English arrivals in the “New World” found themselves strolling through what was essentially a newly abandoned public park and community garden. Lands were already cleared for farming, crops were ready to be harvested. The first Native American settlements the English colonists found were abandoned and empty of people but rich with goods. The colonists still barely survived.

Digging up fresh grave goods was one of the ways they survived. In spite of what American school children learned in grade school about the pilgrims, the fact that they were grave robbers-by necessity- was definitely glossed over.

Euro-centric viewpoints like this one, supplanted by an America-centric one, has left American students half-blind to history and geography, current and ancient.

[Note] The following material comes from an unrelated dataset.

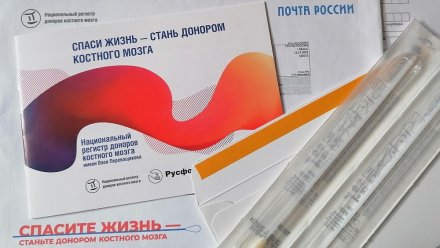 Почта России помогла 222 жителям Коми вступить в регистр доноров костного мозга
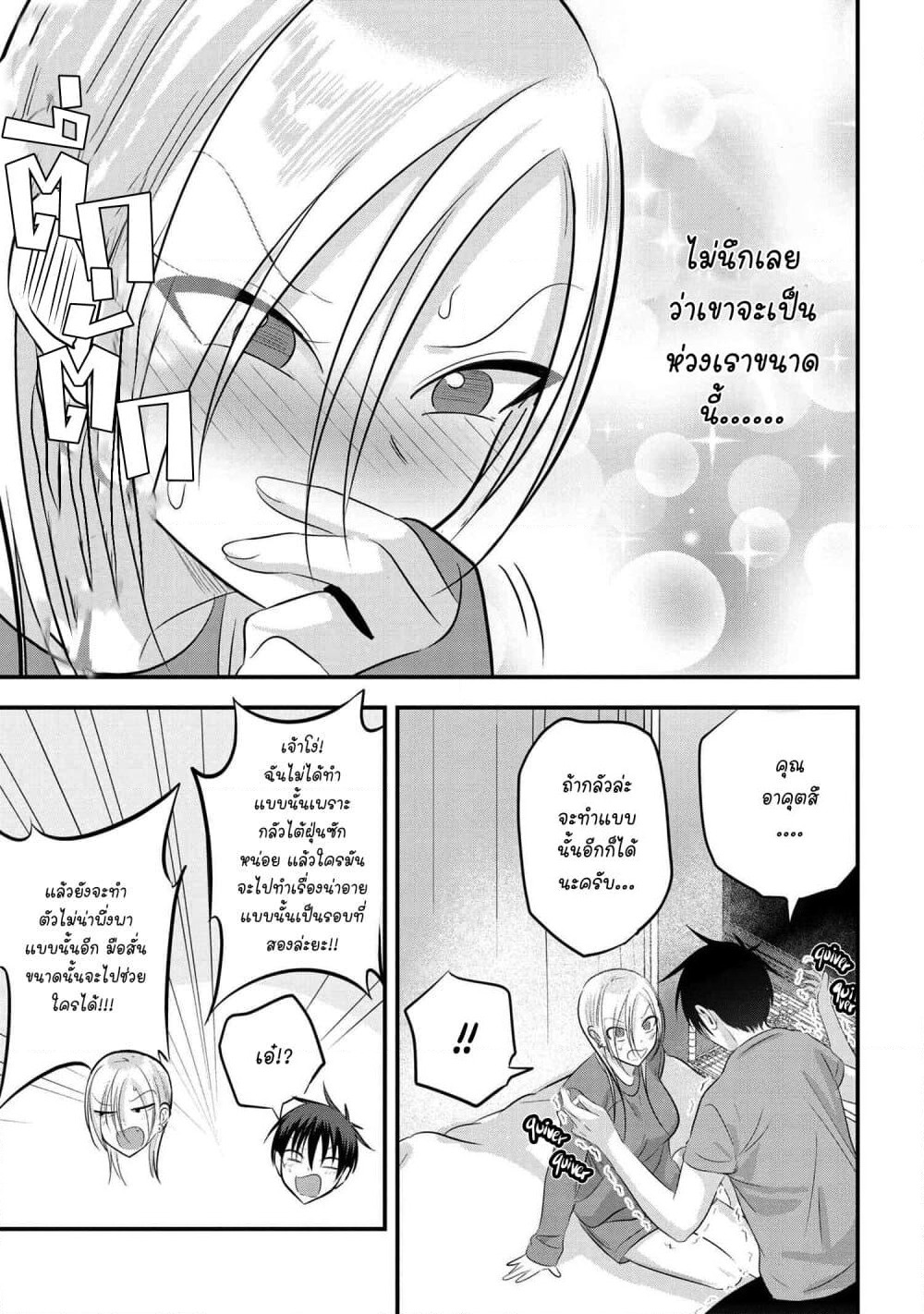 Kaette kudasai! Akutsu-san กลับบ้านเถอะครับ, คุณอาคัตสึ! page 5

A few lessons on colonialism wouldn’t go awry either.

American students of the Revolutionary War might be deeply edified by the historical factoid that English General Charles Cornwallis didn’t fall off the face of the earth after sending a surrogate to surrender his sword to George Washington.

Cornwallis, that famously losing general of the red coats, was merely reassigned by his British superiors after ceding the American colonies. Cornwallis, after losing the Revolutionary War, went directly to India; where English colonialism was alive and quite well.

If American students were educated on the Dutch East India Trading Company, for instance, or how the Zulu were massacred and subjugated in Africa, no one would need to be told about systemic racism, colonialism, and civil rights.

A more comprehensive understanding of America’s place in the larger world and in our increasingly globalist society would lend nuance to conversations about the founding of American history.